Are there any bicycle advocacy groups in your area? Anyone in the local government or the college who's involved in promoting cycling, or even just a big bike nerd? Get to know them. They will be a good source of knowledge, and will probably have promotional material and be able to help promote you through their network. They'll also probably be excited to know that you exist.

However, be wary of over hyping yourself until you have worked out the logistics.
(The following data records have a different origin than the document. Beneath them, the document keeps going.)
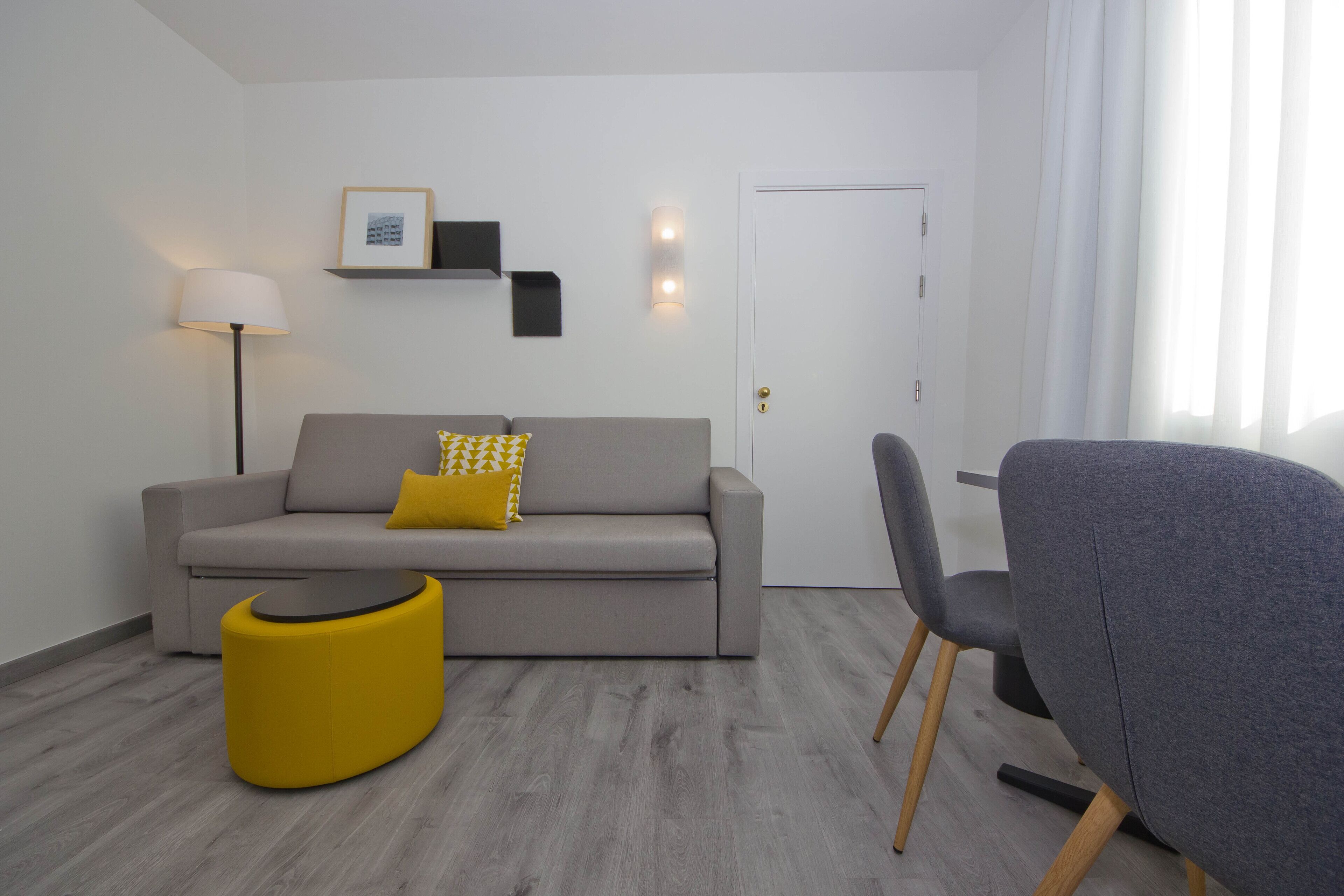 Una sala de estar moderna con un sofá gris, un reposapiés amarillo y una butaca gris. Hay una lámpara, un cuadro enmarcado y una lámpara de pared.
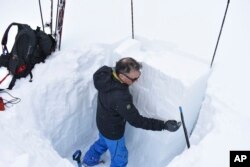 Doug Chabot, with the Gallatin National Forest Avalanche Center, isolates a column of snow to test the potential for avalanches in the area of Lulu Pass near Cooke City, Montana, Jan. 29, 2024.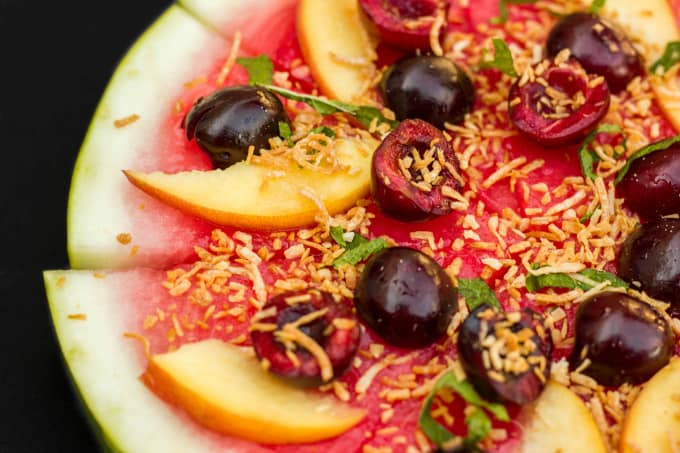 Healthy Vegan Watermelon Pizza Dessert sliced on black background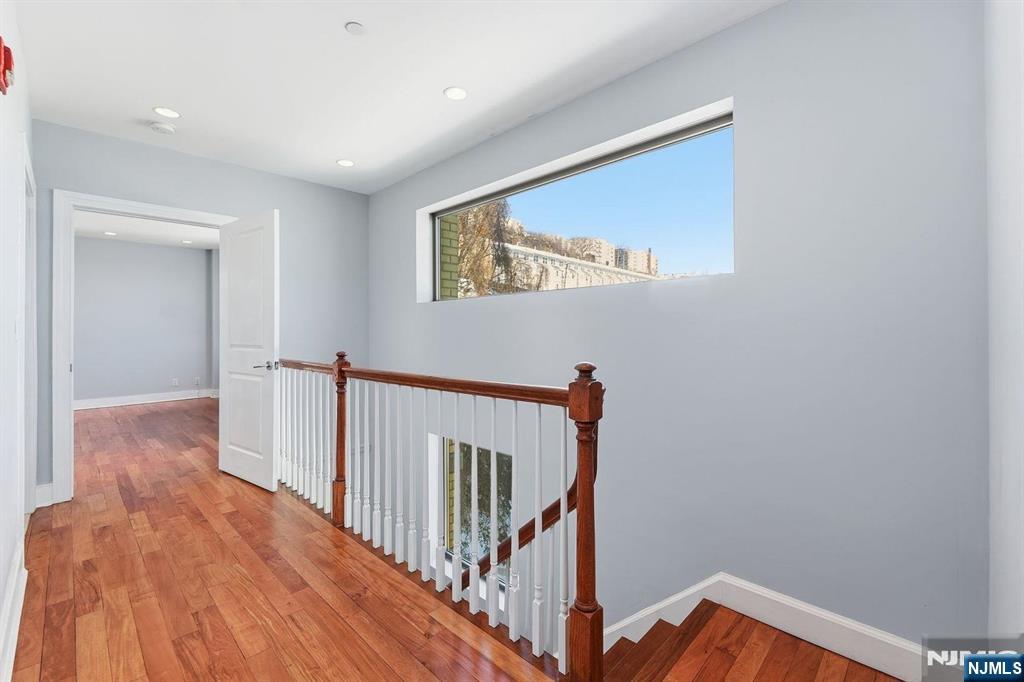 8125 River Road, Unit 4E North Bergen, NJ 07047 - Photo 17 of 35 a view of a hallway with wooden floor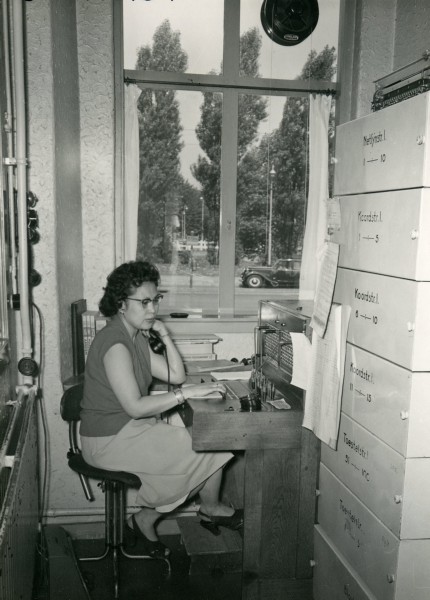 Een telefoniste in dienst van de provincie Zuid-Holland bedient een telefooncentrale. Dit kantoor aan het Korte Voorhout 9 is bij een bombardement op 3 maart 1945 verwoest. Deze foto is gemaakt tussen 1930 en 1944.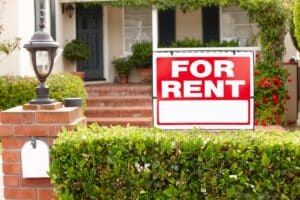 primary residence with for rent sign in front yard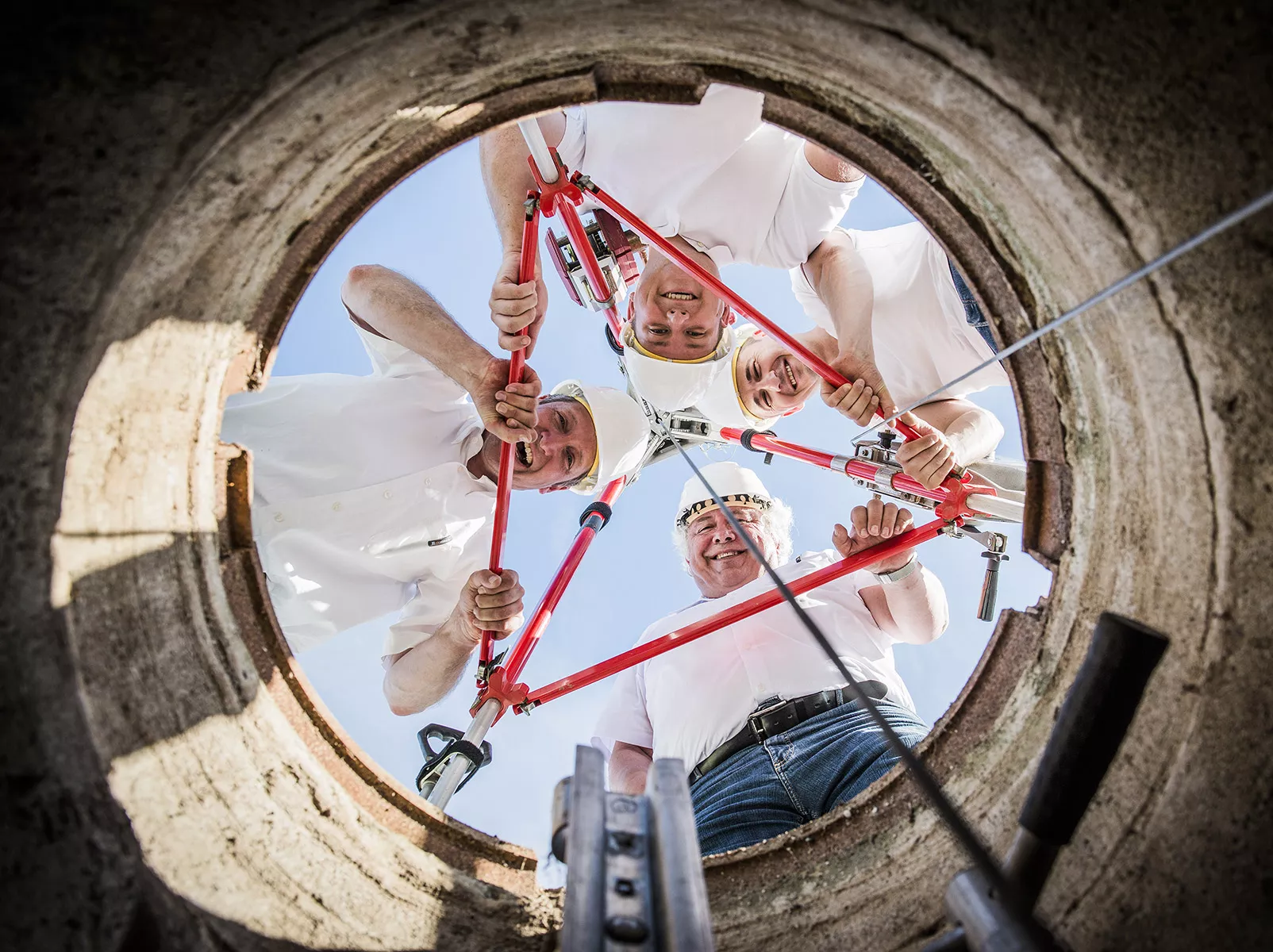 Blick, an einem Stahlseil hängend, nach oben durch einen Kanaldeckel auf 4 in die Kamera schauende Ingenieure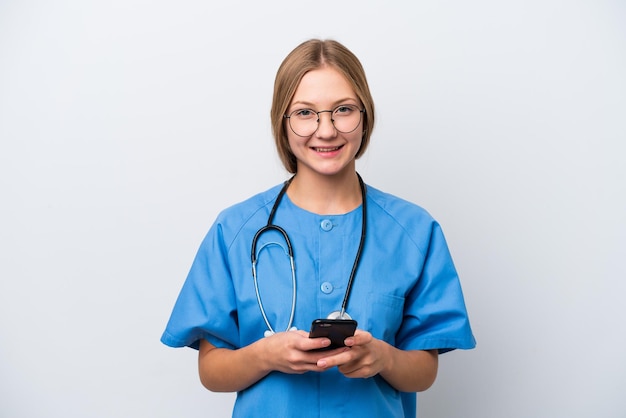 Młoda kobieta lekarz pielęgniarka na białym tle wysyłająca wiadomość za pomocą telefonu komórkowego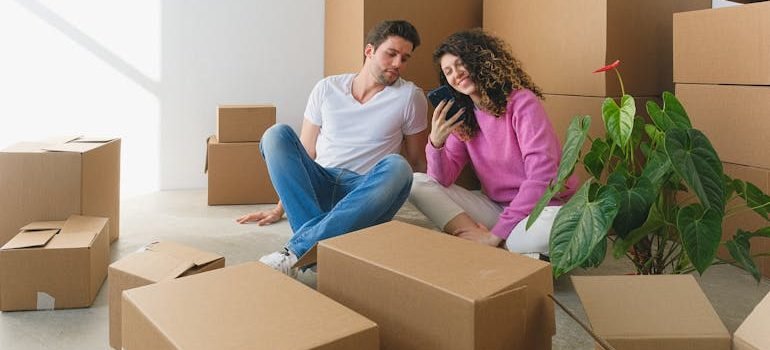 Woman Showing Her Phone to the Man while Sitting on the Floor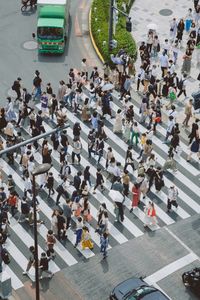 High angle view of people crossing road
Nothing worse than turning up to something you heard about on twitter and discovering that they're still working out how to use credit cards and only have three bikes. Take a couple of weeks to work out the kinks, then start marketing the workshops. Have workshop schedules printed out for people to take.

Maybe ask some friends to come and "try out" the bikes on the first day. People will be able to test ride them right? Hopefully there is somewhere sensible for customers to try them out near the stall. Otherwise, you might want to bring a trainer.

Panniers and baskets, absolutely. Can you sew? I've made panniers by sewing an ockie strap onto a cheap reuseable grocery bag. Memail me if you want more details. There is a huge gap in the market for cheap panniers. Also fenders in autumn.

Offer delivery and sell car racks.

Can you get yourself on the "news and events" section of the market website?

Get to know the stall holders on either side of you. If people are test riding bicycles near your stall, it'd be good to create some good will with the neighbours.

I love the contest idea.
posted by kjs4 at 9:30 PM on July 27, 2011


Oh, and one more thing. I would love a wooden fruit box as a rear basket for my bike. You know, the ones people use to display fruit in at farmers' markets. If you can source some and work out how to put them on a rack, I'm sure I'm not the only one who would buy one.